LineStartWithBulletpointFilter
About 480 wordsAbout 2 min
2025-10-09
📘 Overview
LineStartWithBulletpointFilter is a text filtering operator that detects and filters content where lines starting with bullet points (such as •, *, -, etc.) account for a high proportion of text. It determines whether to retain the text by calculating the ratio of bullet point lines and comparing it with the set threshold.
init Function
def __init__(self, threshold: float=0.9)Init Parameters
| Parameter | Type | Default | Description |
|---|---|---|---|
| threshold | float | 0.9 | Bullet point line ratio threshold. If the proportion of bullet point lines exceeds this value, the data entry will be filtered. |
run Function
def run(self, storage: DataFlowStorage, input_key: str, output_key: str='line_start_with_bullet_point_filter_label')Run Parameters
| Name | Type | Default | Description |
|---|---|---|---|
| storage | DataFlowStorage | Required | DataFlow storage instance for reading and writing data. |
| input_key | str | Required | Input column name corresponding to the text field to check. |
| output_key | str | "line_start_with_bullet_point_filter_label" | Output column name for storing filter result labels (1 for pass, 0 for fail). |
🧠 Example Usage
from dataflow.operators.general_text import LineStartWithBulletpointFilter
from dataflow.utils.storage import FileStorage
class LineStartWithBulletpointFilterTest():
def __init__(self):
self.storage = FileStorage(
first_entry_file_name="./dataflow/example/GeneralTextPipeline/line_start_with_bulletpoint_test_input.jsonl",
cache_path="./cache",
file_name_prefix="dataflow_cache_step",
cache_type="jsonl",
)
self.filter = LineStartWithBulletpointFilter(
threshold=0.9
)
def forward(self):
self.filter.run(
storage=self.storage.step(),
input_key='text',
output_key='line_start_with_bullet_point_filter_label'
)
if __name__ == "__main__":
test = LineStartWithBulletpointFilterTest()
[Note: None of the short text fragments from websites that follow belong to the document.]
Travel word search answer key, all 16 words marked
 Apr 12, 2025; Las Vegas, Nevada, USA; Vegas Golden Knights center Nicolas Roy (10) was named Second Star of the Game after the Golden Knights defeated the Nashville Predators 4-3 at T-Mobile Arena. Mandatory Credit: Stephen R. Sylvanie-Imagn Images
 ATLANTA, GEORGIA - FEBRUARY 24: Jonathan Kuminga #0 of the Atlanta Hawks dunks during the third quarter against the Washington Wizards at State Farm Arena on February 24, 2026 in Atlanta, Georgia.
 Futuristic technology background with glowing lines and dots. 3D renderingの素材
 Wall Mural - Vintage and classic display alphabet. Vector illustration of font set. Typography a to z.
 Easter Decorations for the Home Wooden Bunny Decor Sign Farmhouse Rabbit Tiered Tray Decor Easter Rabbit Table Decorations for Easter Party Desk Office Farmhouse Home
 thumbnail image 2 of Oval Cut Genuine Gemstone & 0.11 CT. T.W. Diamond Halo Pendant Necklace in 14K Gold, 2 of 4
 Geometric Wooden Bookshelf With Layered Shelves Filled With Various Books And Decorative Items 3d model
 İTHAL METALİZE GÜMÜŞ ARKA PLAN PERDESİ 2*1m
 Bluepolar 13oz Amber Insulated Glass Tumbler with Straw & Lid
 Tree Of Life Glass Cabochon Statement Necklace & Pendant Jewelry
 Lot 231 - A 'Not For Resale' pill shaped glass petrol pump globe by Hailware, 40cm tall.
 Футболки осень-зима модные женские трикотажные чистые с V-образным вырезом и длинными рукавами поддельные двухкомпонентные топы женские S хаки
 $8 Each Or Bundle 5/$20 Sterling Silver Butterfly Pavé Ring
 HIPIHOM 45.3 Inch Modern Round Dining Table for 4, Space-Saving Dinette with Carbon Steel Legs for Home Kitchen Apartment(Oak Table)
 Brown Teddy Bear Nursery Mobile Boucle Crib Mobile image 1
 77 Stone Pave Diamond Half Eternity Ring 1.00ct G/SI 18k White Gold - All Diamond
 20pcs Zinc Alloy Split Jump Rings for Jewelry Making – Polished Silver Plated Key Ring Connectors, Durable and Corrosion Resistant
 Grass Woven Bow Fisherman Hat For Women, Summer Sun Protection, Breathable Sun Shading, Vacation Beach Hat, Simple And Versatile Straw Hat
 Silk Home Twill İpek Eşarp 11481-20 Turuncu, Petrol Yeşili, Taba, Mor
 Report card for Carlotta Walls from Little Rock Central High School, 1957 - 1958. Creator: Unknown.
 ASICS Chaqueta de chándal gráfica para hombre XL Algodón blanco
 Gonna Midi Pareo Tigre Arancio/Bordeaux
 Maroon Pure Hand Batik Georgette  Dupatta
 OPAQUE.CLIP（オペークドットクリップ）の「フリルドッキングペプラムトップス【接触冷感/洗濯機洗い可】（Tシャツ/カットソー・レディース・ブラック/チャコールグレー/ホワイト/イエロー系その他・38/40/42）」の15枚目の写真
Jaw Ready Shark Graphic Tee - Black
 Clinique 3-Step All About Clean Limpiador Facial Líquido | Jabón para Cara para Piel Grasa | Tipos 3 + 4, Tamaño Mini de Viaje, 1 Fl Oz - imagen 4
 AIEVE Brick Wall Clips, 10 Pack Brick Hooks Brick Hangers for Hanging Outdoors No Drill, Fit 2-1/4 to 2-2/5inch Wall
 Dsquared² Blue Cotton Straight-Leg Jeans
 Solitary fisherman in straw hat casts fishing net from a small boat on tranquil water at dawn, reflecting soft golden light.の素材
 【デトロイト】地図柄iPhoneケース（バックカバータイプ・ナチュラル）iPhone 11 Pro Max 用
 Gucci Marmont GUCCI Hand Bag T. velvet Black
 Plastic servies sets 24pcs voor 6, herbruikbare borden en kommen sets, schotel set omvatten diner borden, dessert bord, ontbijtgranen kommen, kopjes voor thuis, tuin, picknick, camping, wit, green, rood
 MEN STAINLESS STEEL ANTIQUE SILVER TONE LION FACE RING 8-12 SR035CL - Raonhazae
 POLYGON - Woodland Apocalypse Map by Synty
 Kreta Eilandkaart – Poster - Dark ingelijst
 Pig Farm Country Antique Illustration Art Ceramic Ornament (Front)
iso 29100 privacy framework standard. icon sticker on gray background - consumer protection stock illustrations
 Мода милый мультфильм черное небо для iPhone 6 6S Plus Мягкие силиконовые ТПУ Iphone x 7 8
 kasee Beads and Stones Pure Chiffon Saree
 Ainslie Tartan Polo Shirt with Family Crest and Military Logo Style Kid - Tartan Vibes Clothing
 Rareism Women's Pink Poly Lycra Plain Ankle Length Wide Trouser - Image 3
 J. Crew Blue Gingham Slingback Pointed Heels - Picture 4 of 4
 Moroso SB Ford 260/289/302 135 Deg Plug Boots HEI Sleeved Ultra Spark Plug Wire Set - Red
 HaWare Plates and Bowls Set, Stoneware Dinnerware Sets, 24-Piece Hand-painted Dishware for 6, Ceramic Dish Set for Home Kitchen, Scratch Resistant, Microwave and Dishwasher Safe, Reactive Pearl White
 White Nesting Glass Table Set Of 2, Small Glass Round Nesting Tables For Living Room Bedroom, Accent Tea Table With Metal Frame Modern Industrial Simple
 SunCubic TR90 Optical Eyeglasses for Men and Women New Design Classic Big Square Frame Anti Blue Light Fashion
test.forward()🧾 Default Output Format
The operator adds a new column specified by output_key to the DataFrame for storing filter labels. The final DataFrame written to storage contains only data that passes filtering (i.e., rows where output_key column value is 1).
| Field | Type | Description |
|---|---|---|
| text | str | Original input text field. |
| line_start_with_bullet_point_filter_label | int | Filter result label (1 for pass, 0 for fail). |
📋 Example Input
{"text": "This is normal text without any bullet points. It should pass the filter."}
{"text": "• First item\n• Second item\n• Third item\n• Fourth item\n• Fifth item"}
{"text": "Normal paragraph here.\n• One bullet point\nAnother normal line."}📤 Example Output
{"text": "This is normal text without any bullet points. It should pass the filter.", "line_start_with_bullet_point_filter_label": 1}
{"text": "Normal paragraph here.\n• One bullet point\nAnother normal line.", "line_start_with_bullet_point_filter_label": 1}📊 Result Analysis
Sample 1 (No bullet points):
- Total lines: 1
- Lines starting with bullet points: 0
- Bullet point line ratio: 0/1 = 0.0 (0%)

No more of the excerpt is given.